Successivamente, l’autore dell’Anonymus Perusinus decise riproporre la parabola collocandola in un preciso punto della narrazione: in tale sede essa si configura come il discorso di Francesco in risposta alle considerazioni di Innocenzo III, il quale aveva giudicato troppo dura e aspra la loro vita.113 Si ripresentò, in seguito, nella Legenda Trium Sociorum, nella quale ancora una volta si riscontra l’aggiunta di un nuovo elemento. Nel dettaglio, gli agiografi posero questo episodio in relazione a un sogno avuto da Innocenzo III: la visione di un uomo, dall’aspetto piccolo e miserabile, il quale reggeva la Chiesa di San Giovanni in Laterano.114 Lo storico francese, di fronte ai risultati della collazione, si pronunciò sicuro della storicità della parabola. Dal momento che Odone di Cheriton non avrebbe avuto nessuna ragione di inventare un exemplum e di attribuirlo al Santo, egli si asserì convinto della sua autentica riconducibilità a Francesco d’Assisi. Tuttavia, l’erudito francese negò la versione che vedeva il Santo pronunciarlo davanti al Pontefice. Si tratterebbe di un mero procedimento letterario, mediante il quale gli agiografi avrebbero voluto sottolineare l’insistenza da parte del Santo frate di fronte al Vescovo di Roma.115 Ancora, secondo i biografi la parabola avrebbe rafforzato il Padre Serafico nelle sue intenzioni: «E ciò rese ancor più forte il suo proposito di osservare, anche, in seguito la santissima povertà»116.
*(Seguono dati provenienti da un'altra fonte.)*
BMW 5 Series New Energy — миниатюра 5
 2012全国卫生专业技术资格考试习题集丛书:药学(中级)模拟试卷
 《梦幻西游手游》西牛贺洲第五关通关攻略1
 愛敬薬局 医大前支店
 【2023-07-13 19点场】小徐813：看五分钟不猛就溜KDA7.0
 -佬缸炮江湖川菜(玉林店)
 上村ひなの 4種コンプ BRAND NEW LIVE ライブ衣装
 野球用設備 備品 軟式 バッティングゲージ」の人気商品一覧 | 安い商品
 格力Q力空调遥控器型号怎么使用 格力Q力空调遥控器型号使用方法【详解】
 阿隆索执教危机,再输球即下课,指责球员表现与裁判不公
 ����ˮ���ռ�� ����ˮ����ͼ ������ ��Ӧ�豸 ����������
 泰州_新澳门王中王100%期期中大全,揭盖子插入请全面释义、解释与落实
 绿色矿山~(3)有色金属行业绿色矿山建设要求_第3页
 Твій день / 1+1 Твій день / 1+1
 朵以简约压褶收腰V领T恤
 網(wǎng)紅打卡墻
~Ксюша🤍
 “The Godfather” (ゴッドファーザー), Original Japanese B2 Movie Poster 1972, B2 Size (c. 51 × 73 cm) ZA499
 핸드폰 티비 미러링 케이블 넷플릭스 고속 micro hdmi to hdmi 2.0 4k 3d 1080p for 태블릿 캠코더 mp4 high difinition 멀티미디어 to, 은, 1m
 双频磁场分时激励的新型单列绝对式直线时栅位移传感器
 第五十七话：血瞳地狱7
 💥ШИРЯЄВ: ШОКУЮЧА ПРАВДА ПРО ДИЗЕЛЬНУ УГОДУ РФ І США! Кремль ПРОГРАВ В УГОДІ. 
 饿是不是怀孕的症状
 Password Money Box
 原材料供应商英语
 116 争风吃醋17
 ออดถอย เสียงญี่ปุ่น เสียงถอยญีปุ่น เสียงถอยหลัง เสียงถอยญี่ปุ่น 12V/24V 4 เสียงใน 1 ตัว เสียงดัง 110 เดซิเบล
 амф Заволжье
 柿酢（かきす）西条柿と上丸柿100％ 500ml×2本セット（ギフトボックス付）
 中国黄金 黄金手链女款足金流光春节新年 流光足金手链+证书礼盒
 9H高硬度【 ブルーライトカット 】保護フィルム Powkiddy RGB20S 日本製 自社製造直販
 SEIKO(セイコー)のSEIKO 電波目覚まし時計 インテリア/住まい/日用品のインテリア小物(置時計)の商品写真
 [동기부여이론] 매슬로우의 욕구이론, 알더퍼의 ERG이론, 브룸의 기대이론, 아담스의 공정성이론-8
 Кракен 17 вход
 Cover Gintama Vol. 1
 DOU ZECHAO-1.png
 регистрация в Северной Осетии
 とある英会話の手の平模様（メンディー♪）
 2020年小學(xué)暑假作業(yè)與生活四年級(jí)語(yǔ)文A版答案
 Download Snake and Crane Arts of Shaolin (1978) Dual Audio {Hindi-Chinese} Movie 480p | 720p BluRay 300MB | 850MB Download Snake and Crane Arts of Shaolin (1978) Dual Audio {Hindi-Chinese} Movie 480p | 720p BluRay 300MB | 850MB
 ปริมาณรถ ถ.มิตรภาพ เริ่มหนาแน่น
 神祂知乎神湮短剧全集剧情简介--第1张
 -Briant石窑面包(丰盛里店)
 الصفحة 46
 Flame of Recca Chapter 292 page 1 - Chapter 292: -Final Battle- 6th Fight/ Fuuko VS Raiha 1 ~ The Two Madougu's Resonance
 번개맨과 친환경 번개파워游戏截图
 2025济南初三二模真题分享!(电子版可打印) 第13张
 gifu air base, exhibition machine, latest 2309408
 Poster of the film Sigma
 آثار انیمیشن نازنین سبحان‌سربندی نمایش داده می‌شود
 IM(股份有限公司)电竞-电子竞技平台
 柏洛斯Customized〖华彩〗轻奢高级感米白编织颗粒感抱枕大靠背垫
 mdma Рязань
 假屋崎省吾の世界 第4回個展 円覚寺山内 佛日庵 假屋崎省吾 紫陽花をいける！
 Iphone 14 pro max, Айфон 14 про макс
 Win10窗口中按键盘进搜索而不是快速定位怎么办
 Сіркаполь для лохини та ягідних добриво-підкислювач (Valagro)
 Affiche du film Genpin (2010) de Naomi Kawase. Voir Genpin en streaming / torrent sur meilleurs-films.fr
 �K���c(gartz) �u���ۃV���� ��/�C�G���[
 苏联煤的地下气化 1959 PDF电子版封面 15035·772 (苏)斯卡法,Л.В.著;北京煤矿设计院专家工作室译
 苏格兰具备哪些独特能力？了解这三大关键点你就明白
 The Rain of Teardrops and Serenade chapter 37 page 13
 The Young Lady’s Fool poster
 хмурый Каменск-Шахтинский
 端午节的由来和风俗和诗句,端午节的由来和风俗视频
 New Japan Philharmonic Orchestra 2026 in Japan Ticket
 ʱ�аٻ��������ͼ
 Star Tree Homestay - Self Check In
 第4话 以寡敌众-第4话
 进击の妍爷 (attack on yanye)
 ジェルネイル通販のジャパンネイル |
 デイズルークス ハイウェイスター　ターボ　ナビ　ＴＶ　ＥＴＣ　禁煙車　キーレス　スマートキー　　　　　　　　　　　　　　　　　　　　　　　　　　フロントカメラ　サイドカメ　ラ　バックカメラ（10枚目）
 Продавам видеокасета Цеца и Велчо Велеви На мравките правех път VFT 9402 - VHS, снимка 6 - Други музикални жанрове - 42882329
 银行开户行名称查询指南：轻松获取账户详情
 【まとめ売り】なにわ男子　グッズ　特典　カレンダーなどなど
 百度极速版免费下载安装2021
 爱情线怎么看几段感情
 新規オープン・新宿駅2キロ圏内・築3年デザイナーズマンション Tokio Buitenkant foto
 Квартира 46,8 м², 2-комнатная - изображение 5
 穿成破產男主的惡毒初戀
Il giudizio negativo in merito alla storicità di tale contesto si spiegherebbe, inoltre, con la sua assenza nel sermone di Oddone di Cheriton e nella Vita beati Francisci di Celano: se il racconto fosse stato realmente esposto davanti al Pontefice, questi ultimi ne avrebbero fatto menzione.117

111 Ivi., p. 61. 112 Cf. Miccoli 2002, pp. 508 – 509. 113 Ivi., p. 45. 114 Ivi., p. 61. 115 Ivi., p. 63. 116 Ibid. 117 Ibid.